Are we to understand that this is the central idea Tuten wishes to impart? That maturity requires abandoning idealism and accepting the fact that a life of reflection does not come for free? “Her lofty ideas had taken her where she could live among a painting’s pillars and columns, in a temple where miracles happened, but they could not pay the mortgage on the house or caulk a sinking boat.”

Dominique is writing a book on the French painter Nicolas Poussin that has taken her forever to complete and on more than one occasion has given her an excuse to return to Paris. Throughout the volume Tuten scatters ideas about Goya and Poussin’s paintings (passionate Goya—Rex(?) and calm Poussin—Eric(?).

“…she had moved her area of interest from Spanish painting and Goya in particular to Poussin, for her as an artist of greater formal and intellectual complexity, greater mystery, though lacking in warmth and perhaps wisdom.”

“She was in fact not sure of what Poussin had intended by that light, but in her writing she had matched it to what she considered The Arcadian Shepherds’ theme: the omnipresence of Death in the center of life.”

Most of the ideas I record while reading a book are scattered randomly throughout the text. In the case of The Green Hour, a good many were different than those I recorded when I read it a few years ago. However, the book meant as much to me on second reading as it did the first.

Here are a couple of ideas I made note of the first time around: “The idea was the act. Actions were ideas enacted but, for her, the idea was its fullness and existed sufficiently without need of the act to complete it. As when love, when first born, takes hold and gives body to all activity rushing from it, the conception lasting longer than its temporal manifestations, the conception enduring while the body falls away in repetition, in boredom, in aging, the draining away of everything corporeal.”

“Do you think poetry changes anything, anyone? Auden says no. I know it does. But he’s just protecting the sanctity of his craft, lest he admit that poetry may change us for the worse as well as for the better.”

And at second reading: “How hard, she would say in that future moment of wisdom for the young to understand how time and experience flatten out all pain, how even one’s suffering finds—if not purpose—some balance and redress in experience yet to be had.”

“There was always an imbalance in love—the one who loved and the one who was loved. Most of her life she had denied it, desiring above all a total equality in love. But nothing in her real experience proved her theory—her wish—correct.”

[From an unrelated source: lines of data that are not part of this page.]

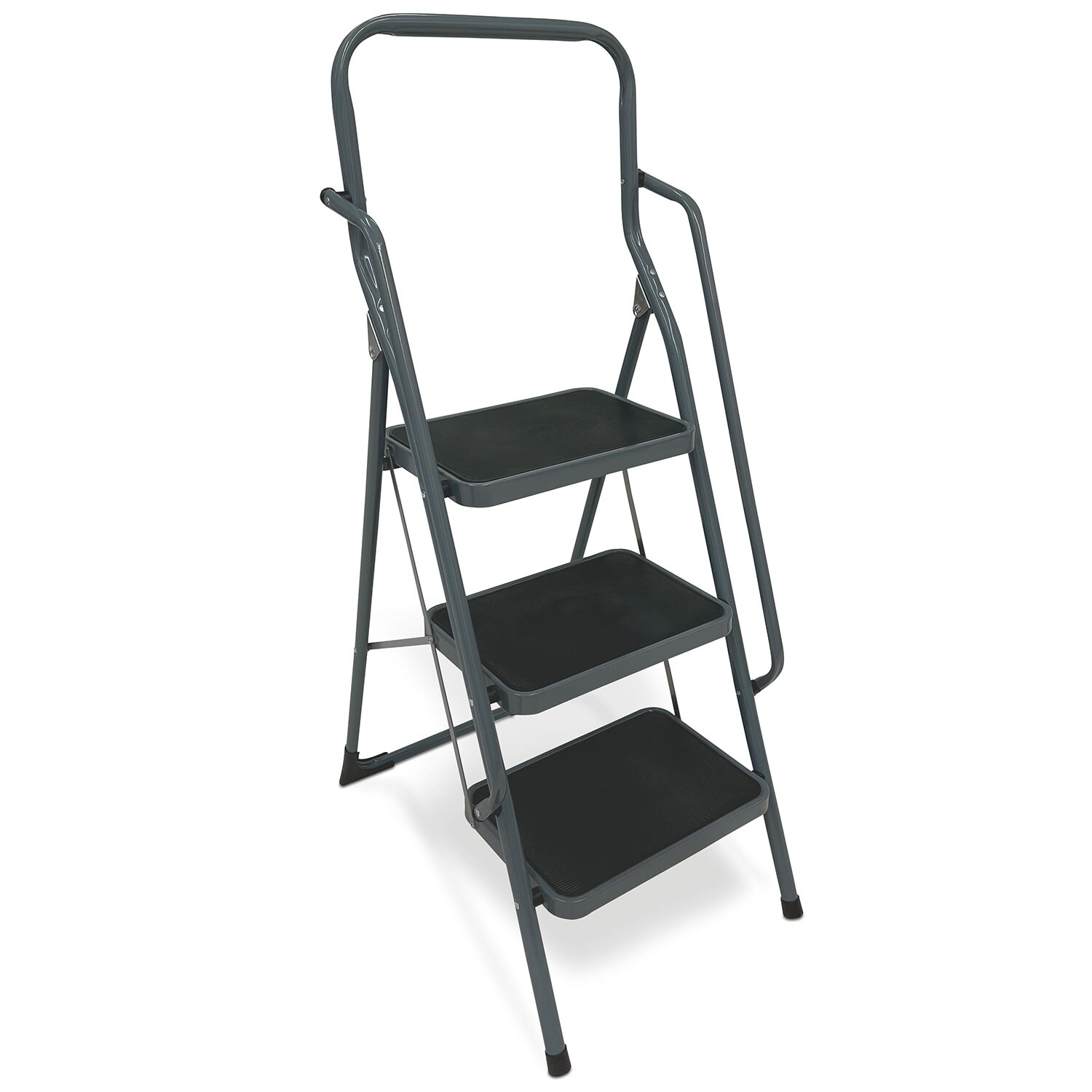 Sicherheitsleiter »3-stufig« mit Handlauf | 04260346887161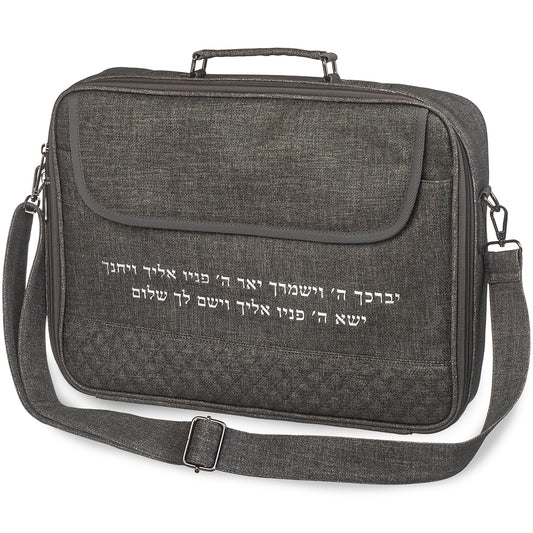 תיק מפואר לטלית תפילין עם ידית 31×41 ס״מ דמוי עור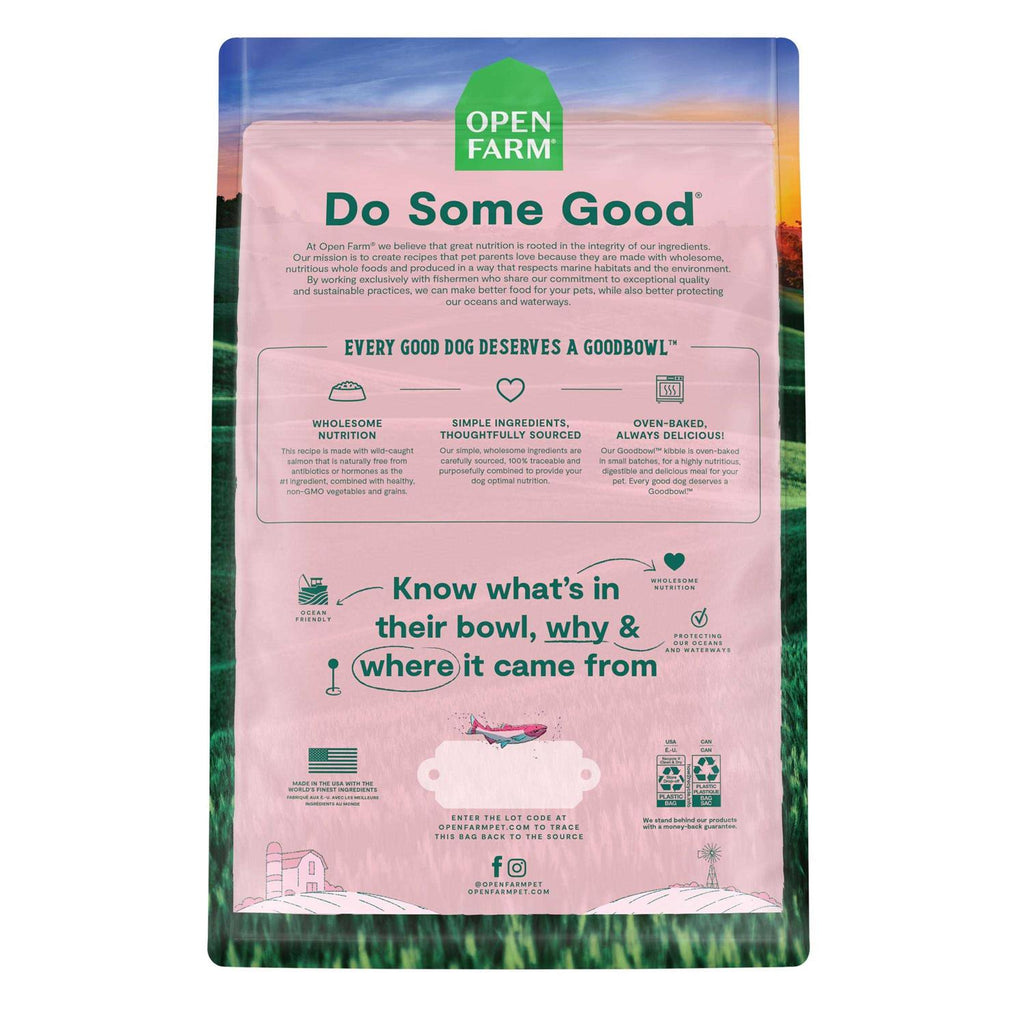 Wild Caught Salmon Brown Rice Dog Food H8271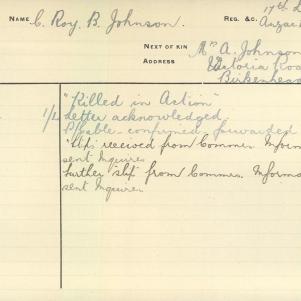 Soldier packet page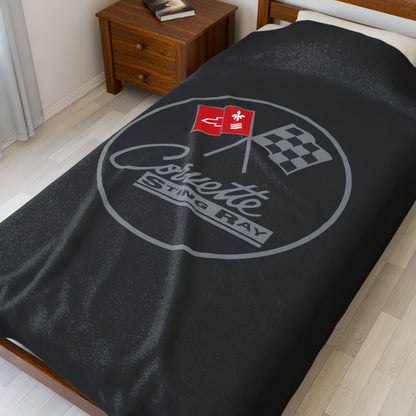 Corvette C2 Blanket, C2 Logo, Soft Blankets, Corvette Logo, Velveteen Blanket, Car Guy Gifts, Car Girl Gifts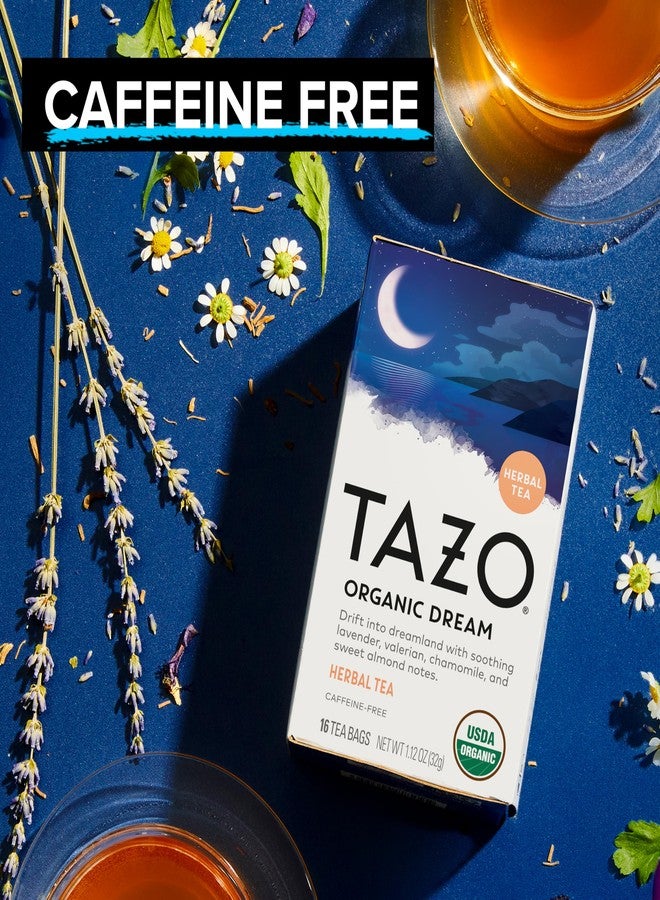 TAZO Organic DREAM Herbal Tea Bags, Caffeine-Free Bedtime Tea, Relaxing Chamomile and Lavender Blend, 16 Total Tea Bags - Image 5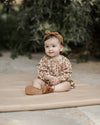Rylee + Cru Long Sleeve Bubble Romper | Gold Gardens-Barn Chic Boutique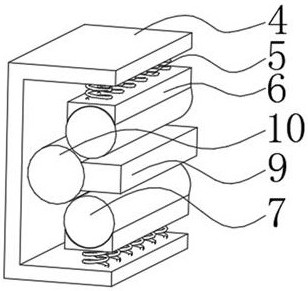 Building steel structure connecting device convenient to disassemble and assemble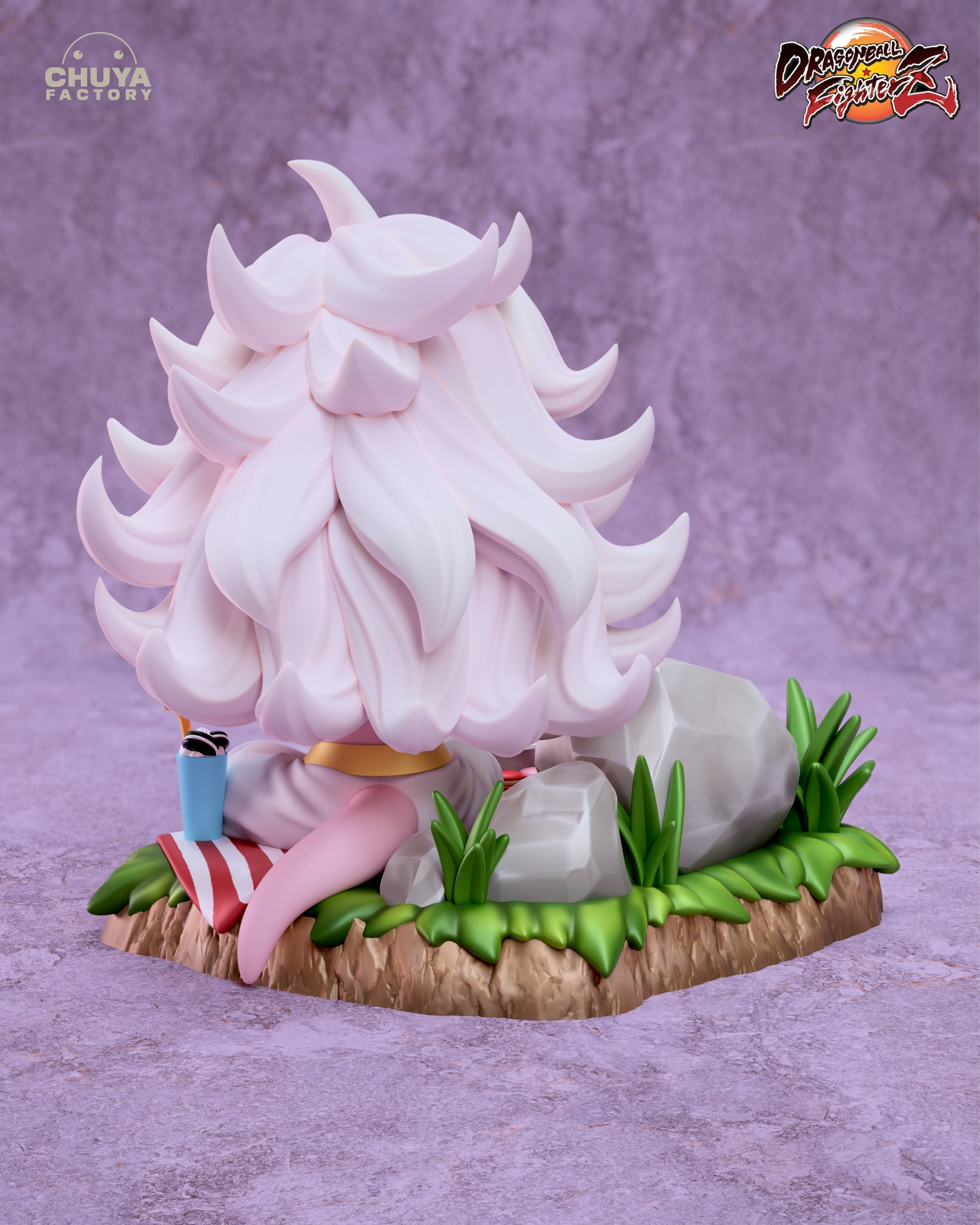 Android 21 Chibi 3D print model_4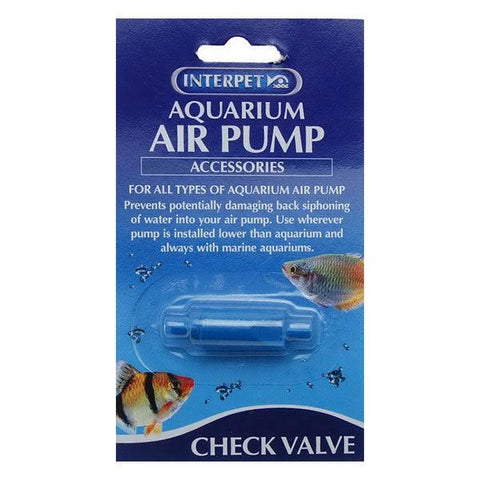 Aquarium Air Pump Check Valve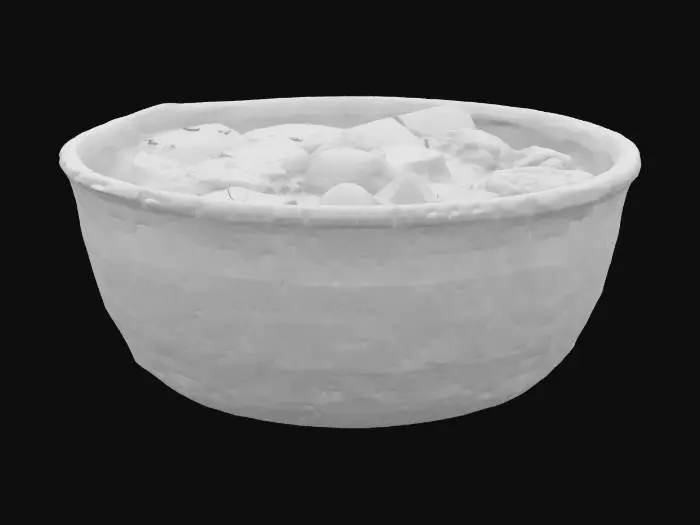 3D model for Shrimp Tofu Soup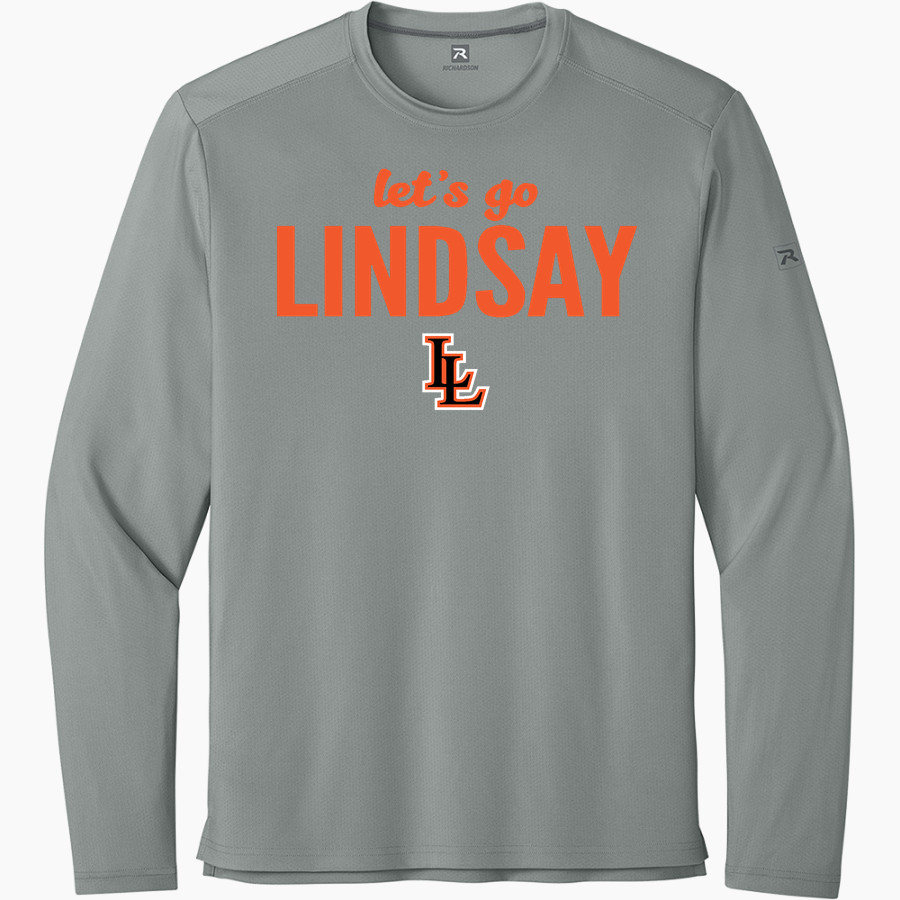 LINDSAY LEOPARDS <span class="pdp-name-mascot">LINDSAY LEOPARDS</span> Richardson Men's Clutch Long Sleeve Tee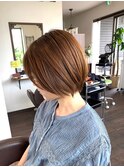 ショートすぎない丸みショート♪アースカラー♪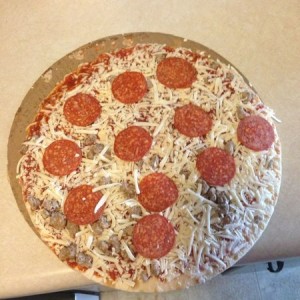 I guess this pizza was cheap for a reason. Where's my meat?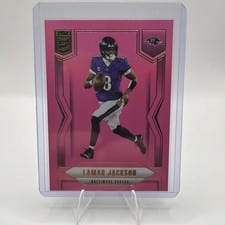 2025 Donruss Elite MVPBound Lamar Jackson #10 card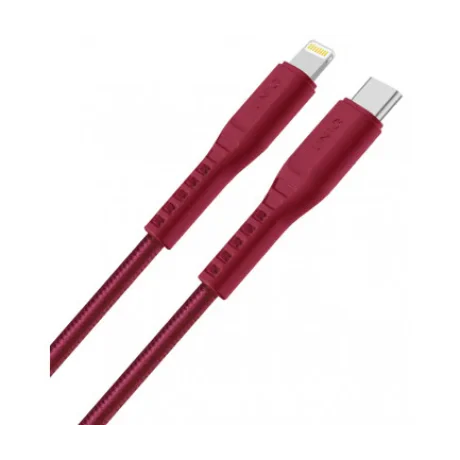 Cablu Date Type C la Lightning Uniq Flex 3A 1.2m Rosu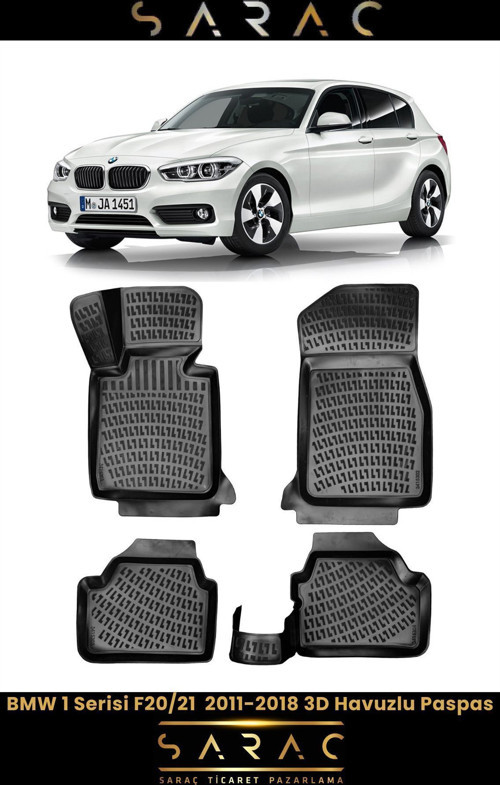 Bmw 1 Serisi F20/21 2015 Model 3D Havuzlu Paspas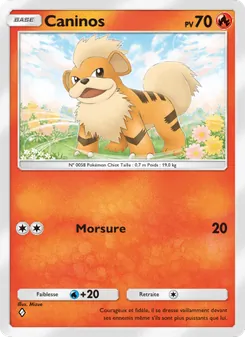 Carte Pokémon Caninos 039 — Puissance Génétique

The Green Hour is assuredly a novel of ideas—ideas concerning art, love, and what it takes to live a scholarly life. While I have read other novels far more dense with ideas and wisdom, there is much to admire in this novel and much to recommend to those who have yet to read it.

And for those interested in the tradition and practice of keeping a commonplace book, I pass along once again one more treasure from The Green Hour:

For some time since her operation, and without publication its goal, she had been jotting down without order or pattern, anecdotes gleaned from the late nineteenth and twentieth centuries, noting down those matters or events which moved her. One day these notes and fragments of thought might form a coherent mosaic and reveal to her her own spiritual autobiography as well as biography of her time.”